Esat'ta karşı konulmaz bir şeytan tüyü vardı. Belki de Fırat ve Oğuz'un ağır tavırlarının tam zıttı daha çocuksu bir yanı olduğu içindi bu. Esat çelişkiler adamıydı. Ondan yapılmasını istenen şeyden hem nefret eder hem de en iyisini yapmak üzere hareket ederdi. Birini en çok o sever ama onu en çok hırpalayan da yine kendisi olurdu.

Alaz aileye girdiğinde onu en çok sahiplenen o olsa da, en çok canını yakan da yine o olmuştu. Bile isteye yaptığı şeyler değildi tabii, şuursuz davranışlarının eseriydi bunlar. Kızı peşine takıp dağ bayır olmayacak yerlere tırmanmaya teşvik ederek tehlikeye soksa da, Fırat ya da Oğuz'un onu çalıştırırken incinmesine izin verdikleri için abileriyle çatır çatır tartışan da yine o olmuştu.
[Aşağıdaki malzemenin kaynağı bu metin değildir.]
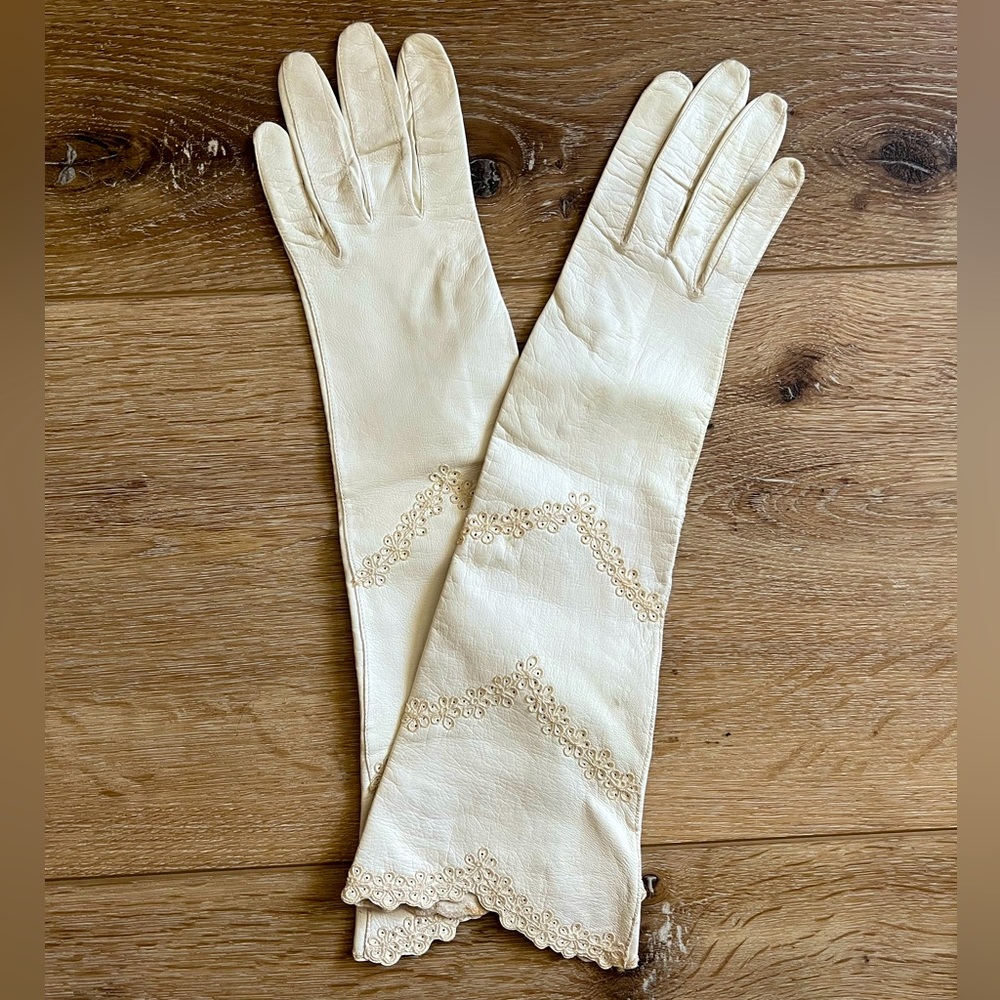 Vintage Leather Gloves with Embroidery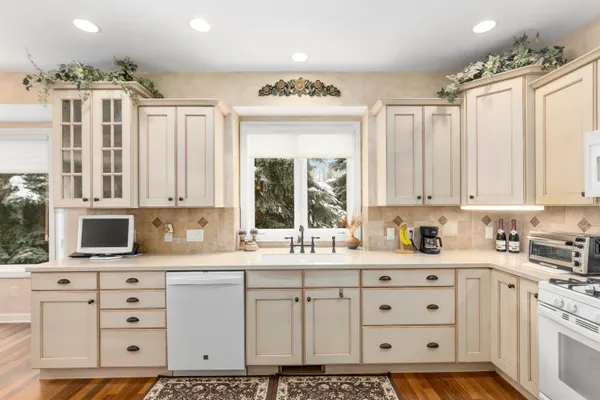 $459,900 | 4911 Faringdom Grove Drive, Hudsonville, MI 49426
Alaz'a araba kullanmayı öğretirken hem bas bas bağırıp en iyisini yapabilmesini istemiş hem de ilerleyen zaman içine ondaki yeteneği gördükçe kıskançlıkla kıvranmıştı.

"Benim ders verdiğim kimse kötü olamaz tamam mı? Bizim ailede kimse kötü araba kullanamaz!" diye bağırmıştı daha ilk derste. 
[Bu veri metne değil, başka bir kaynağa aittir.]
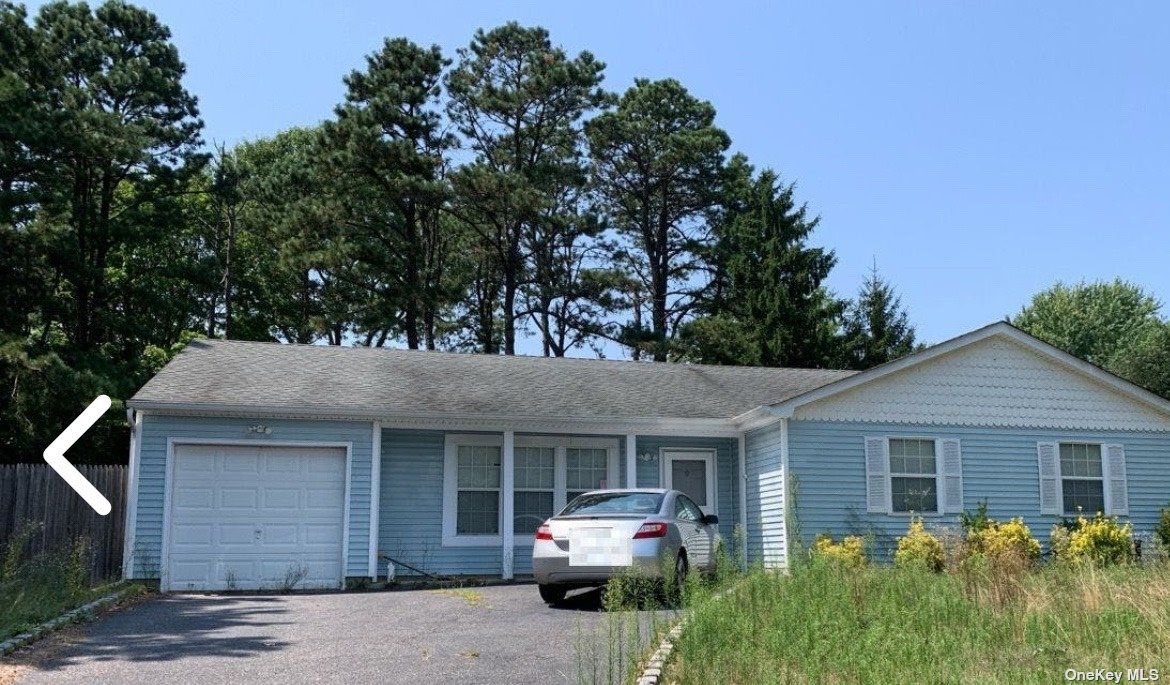 Wading River Hollow Rd, Middle Island, NY 11953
Rekabet duygusu asla baş edemediği dürtüsüydü. O zamanlar Dağlı dediği kız daha on üç yaşındayken kendisi de on sekiz yaşındaydı. Ağrı'da boş bir arazide çalışırken arabanın içindeki kükremeleri hiç dinmemişti. 

"Kimseye yol vermeyeceksin! Gerekirse arabayı parçala kimsenin seni geçmesine izin verme!" Aniden sesini alçaltarak tembihler gibi "Sana bir şey olmasın ama, ona da dikkat edeceksin tamam mı?" diyerek devam etmişti hep.

Berin'le ilk kez karşılaştıklarında görebildiği tek şey içinden çıktığı arabasıydı. Sanki biri sırtından bir değnekle dürtmüş gibi irkilmişti aracı gördüğünde. O an düşünebildiği tek şey bu aracın orada ne işi olabildiği idi. Hislerinin çocukça olduğunu bilse de benliğine işlemiş olan rekabet duygusu ön plandaydı ve o aracın, bulunduğu şehri derhal terk etmesini istemişti.

Aylar önceki o gecede şehri derhal terk etmesini istediği aracın anahtarını şimdi elinde sallarken yüzünde pişkin bir sırıtma vardı. Belki de artık çocukça rekabete son vermesi ve önüne çıkan şansı değerlendirmesi gerekiyordu.

Dakikalar evvel Karacalar'ın evinin garajında duran Chiron'un anahtarını bizzat Erdem Karaca'nın elinden almıştı. Tüm sevimliliği ve efendiliği ile – daha çok pişkinliği ile – istemişti ve bir an bile olumsuz bir tavır görmemişti.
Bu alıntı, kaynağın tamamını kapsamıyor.